The systemic trauma we are affected by as neurodivergent people is less obvious to many, but those of us who have been left burnt out and physically and mentally unwell because of this can testify to the impact upon our lives. Systems generated trauma can be a constant, prolonged dripping tap in our lives as neurodivergent children, adults and as parents of neurodivergent children/adults. That prolonged experience of being unsafe is essentially the result of stigma and often has a devastating impact. Trauma caused by the education system, the criminal justice system, the health and mental health system and the welfare system, has left its indelible marks and scars upon so many of us who identify as neurodivergent. These systems claim to want to ‘do better’ but too often their solutions are too little too late and may also be completely inappropriate, actually causing even more trauma.

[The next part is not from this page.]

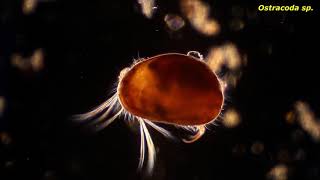 Ostracoda sp  Protozoans and other small critters [upl. by Ellimahs883]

For many of us we have had contact at one time or another with the mental health system. This is because of the lens through which we are too often seen and labelled as neurodivergent people. This system has told us we are defective, disordered, psychotic, dysfunctional. It has restrained and sought to retrain us. It has over prescribed and never apologised to us. It has traumatised us and never looked at itself in the mirror to see the pain it has caused. With some psychiatrists telling us that autistic burnout doesn’t exist, despite The Royal College of Psychiatry legitimising it; gaslighting us, invalidating our experiences and humiliating us, we are too often left alone to find a way though the valley of the shadows.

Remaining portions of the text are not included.